= Tetyana Baydyk =

Ukrainian researcher

Tetyana Nikolaevna Baydyk (born 1954, Байдик Тетяна Миколаївна, also published as Tatiana Baidyk) is a Ukrainian researcher in artificial neural network based image recognition, particularly for problems of handwriting recognition and the manufacture of microelectromechanical systems. She is also interested in the application of micromechanics in renewable energy, including for concentrated solar power. She works at the National Autonomous University of Mexico (UNAM), in the Microtechnology and Neural Networks group of the Department of Micro and Nanotechnologies of the Institute for Applied Sciences and Technology (ICAT).

==Education and career==
Baydyk was born in 1954. After earning a master's degree in electrical engineering in 1977 at the Kyiv Polytechnic Institute, she earned a Ph.D. and D.Sc. through the Ukrainian Academy of Sciences Institute of Cybernetics in 1983 and 1994, respectively.

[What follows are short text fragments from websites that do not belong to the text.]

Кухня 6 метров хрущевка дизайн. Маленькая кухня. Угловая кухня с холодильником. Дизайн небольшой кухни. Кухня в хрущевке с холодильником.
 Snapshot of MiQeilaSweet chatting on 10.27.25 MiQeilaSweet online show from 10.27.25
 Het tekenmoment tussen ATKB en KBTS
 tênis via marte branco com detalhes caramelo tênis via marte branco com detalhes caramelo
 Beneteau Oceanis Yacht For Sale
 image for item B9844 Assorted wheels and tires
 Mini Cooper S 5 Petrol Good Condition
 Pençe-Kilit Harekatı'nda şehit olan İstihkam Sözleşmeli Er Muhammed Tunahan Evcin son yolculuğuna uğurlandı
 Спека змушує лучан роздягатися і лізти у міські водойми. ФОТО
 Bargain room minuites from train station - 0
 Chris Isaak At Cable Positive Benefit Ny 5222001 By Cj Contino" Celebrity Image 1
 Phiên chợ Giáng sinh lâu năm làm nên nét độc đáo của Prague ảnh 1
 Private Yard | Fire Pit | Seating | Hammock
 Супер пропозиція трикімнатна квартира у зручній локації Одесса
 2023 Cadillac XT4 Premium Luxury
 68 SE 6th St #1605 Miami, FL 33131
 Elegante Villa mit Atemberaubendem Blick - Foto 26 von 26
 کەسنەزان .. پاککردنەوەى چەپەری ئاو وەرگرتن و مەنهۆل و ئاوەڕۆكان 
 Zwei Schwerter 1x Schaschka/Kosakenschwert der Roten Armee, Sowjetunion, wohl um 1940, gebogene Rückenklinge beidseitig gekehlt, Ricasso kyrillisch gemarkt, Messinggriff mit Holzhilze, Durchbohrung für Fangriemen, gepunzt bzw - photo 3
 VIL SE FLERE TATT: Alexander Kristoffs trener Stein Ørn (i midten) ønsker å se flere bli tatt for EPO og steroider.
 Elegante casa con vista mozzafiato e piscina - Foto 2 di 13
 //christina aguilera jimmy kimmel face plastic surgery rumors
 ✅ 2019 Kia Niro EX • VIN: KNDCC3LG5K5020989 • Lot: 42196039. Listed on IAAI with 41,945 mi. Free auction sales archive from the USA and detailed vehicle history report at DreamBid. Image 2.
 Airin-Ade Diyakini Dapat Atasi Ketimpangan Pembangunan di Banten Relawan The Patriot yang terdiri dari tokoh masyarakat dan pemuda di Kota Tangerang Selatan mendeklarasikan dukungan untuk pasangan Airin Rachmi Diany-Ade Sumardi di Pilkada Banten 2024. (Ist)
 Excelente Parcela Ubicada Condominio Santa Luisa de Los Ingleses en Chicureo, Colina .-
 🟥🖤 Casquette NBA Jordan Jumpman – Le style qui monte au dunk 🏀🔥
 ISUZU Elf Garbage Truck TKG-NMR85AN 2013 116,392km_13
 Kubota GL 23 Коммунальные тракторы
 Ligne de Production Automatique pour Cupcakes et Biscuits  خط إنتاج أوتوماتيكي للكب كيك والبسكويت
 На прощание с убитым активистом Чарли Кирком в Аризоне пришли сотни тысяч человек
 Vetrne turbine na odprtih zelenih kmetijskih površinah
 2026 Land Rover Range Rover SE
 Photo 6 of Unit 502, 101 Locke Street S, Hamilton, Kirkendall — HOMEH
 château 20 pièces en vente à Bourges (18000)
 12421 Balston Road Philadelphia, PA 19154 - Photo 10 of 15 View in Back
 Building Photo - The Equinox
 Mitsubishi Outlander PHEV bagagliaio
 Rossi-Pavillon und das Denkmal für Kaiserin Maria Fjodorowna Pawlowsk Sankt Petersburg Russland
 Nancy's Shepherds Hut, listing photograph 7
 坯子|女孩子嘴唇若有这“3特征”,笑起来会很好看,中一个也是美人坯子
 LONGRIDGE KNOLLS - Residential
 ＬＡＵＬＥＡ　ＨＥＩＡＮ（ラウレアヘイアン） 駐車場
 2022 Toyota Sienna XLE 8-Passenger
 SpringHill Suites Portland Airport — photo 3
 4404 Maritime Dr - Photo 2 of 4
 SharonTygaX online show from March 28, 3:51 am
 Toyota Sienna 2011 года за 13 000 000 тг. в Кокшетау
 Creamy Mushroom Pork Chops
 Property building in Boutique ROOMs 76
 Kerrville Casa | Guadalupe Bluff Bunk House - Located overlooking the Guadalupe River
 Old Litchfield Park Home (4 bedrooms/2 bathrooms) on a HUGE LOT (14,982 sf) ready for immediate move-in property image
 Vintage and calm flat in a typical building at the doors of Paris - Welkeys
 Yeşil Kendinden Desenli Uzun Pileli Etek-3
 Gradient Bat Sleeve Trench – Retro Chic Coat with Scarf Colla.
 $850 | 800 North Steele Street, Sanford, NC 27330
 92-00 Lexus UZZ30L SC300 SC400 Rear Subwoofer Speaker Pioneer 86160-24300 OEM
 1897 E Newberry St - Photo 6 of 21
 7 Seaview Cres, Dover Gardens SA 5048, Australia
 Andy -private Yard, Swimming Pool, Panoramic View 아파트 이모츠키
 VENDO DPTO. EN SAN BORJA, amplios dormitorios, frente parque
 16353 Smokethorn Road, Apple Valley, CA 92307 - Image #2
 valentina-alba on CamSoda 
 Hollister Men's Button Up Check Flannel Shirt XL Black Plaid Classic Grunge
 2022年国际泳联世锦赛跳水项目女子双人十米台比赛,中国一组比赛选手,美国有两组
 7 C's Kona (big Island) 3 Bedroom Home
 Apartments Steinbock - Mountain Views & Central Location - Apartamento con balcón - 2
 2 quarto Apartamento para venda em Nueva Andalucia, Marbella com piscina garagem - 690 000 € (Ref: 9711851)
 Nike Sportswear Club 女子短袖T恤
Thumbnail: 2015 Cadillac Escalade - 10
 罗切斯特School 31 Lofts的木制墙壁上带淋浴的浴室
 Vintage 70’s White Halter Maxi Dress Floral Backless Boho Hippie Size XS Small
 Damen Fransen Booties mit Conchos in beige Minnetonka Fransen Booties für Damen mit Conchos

She worked as a junior researcher and then researcher at the Institute of Cybernetics, beginning in 1980. From 1995 to 1999 she coordinated the science and education program in Ukraine for the International Renaissance Foundation. She became a researcher at UNAM in 2001.

==Recognition==
Baydyk is a member of the Mexican Academy of Sciences.

==Books==
With Ernst Kussul and Donald Wunsch, Baydyk is coauthor of the books Neural Networks and Micromechanics (Springer, 2009) and Intelligent Automation in Renewable Energy (Springer, 2019).